The problem: What you return must match, exactly, the lines running from the one containing "一组328试水单骑夺宝,只要龙胆亮银枪要多少大洋? #抽奖 #cf手游" to the end of the data, both included, and must contain no pictures.

Information shown:

--- START ---

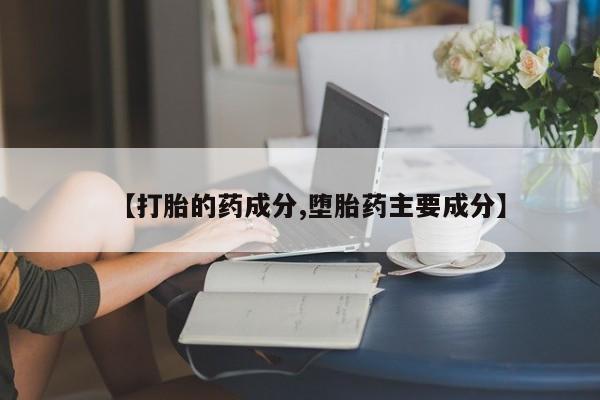 打胎药/流产药专卖微信【打胎的药成分,堕胎药主要成分】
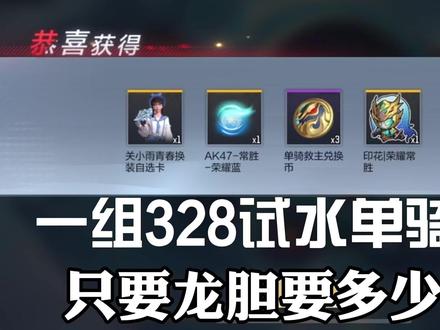一组328试水单骑夺宝,只要龙胆亮银枪要多少大洋? #抽奖 #cf手游 #巨人城沙海活城 #穿越火线枪战王者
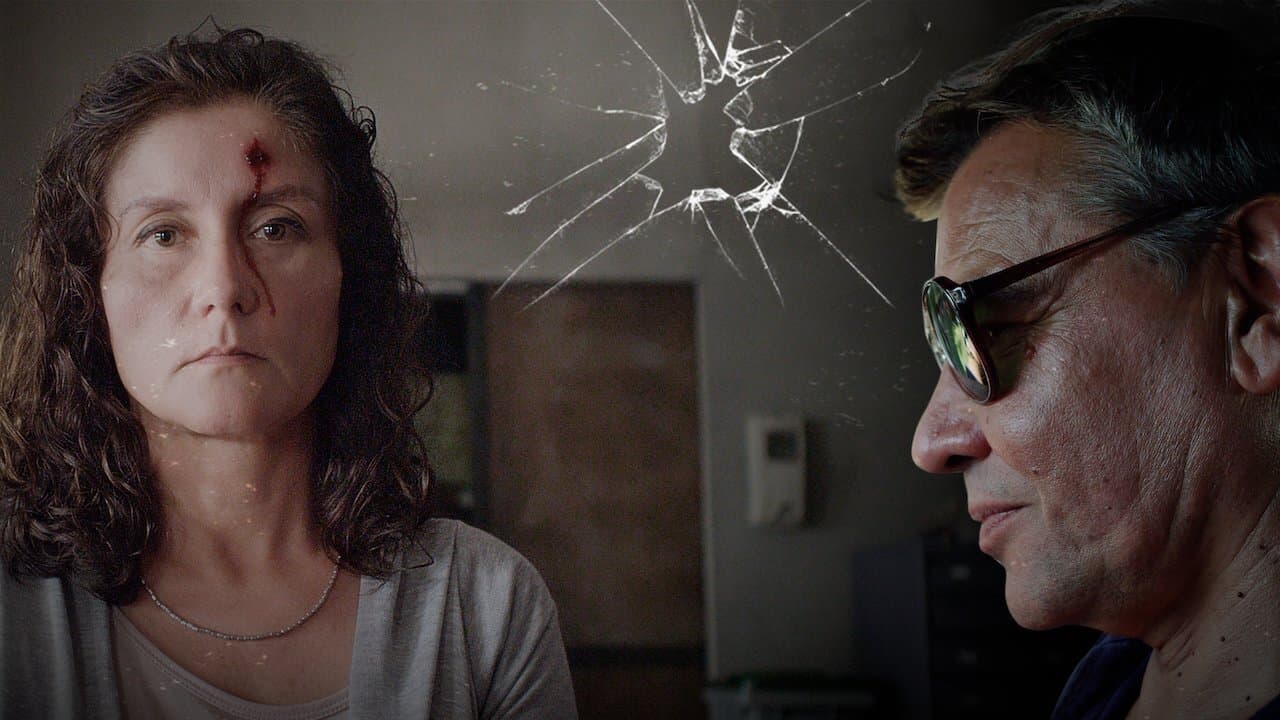 Bala Locaの背景画像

--- END ---

Answer section:
一组328试水单骑夺宝,只要龙胆亮银枪要多少大洋? #抽奖 #cf手游 #巨人城沙海活城 #穿越火线枪战王者
 Bala Locaの背景画像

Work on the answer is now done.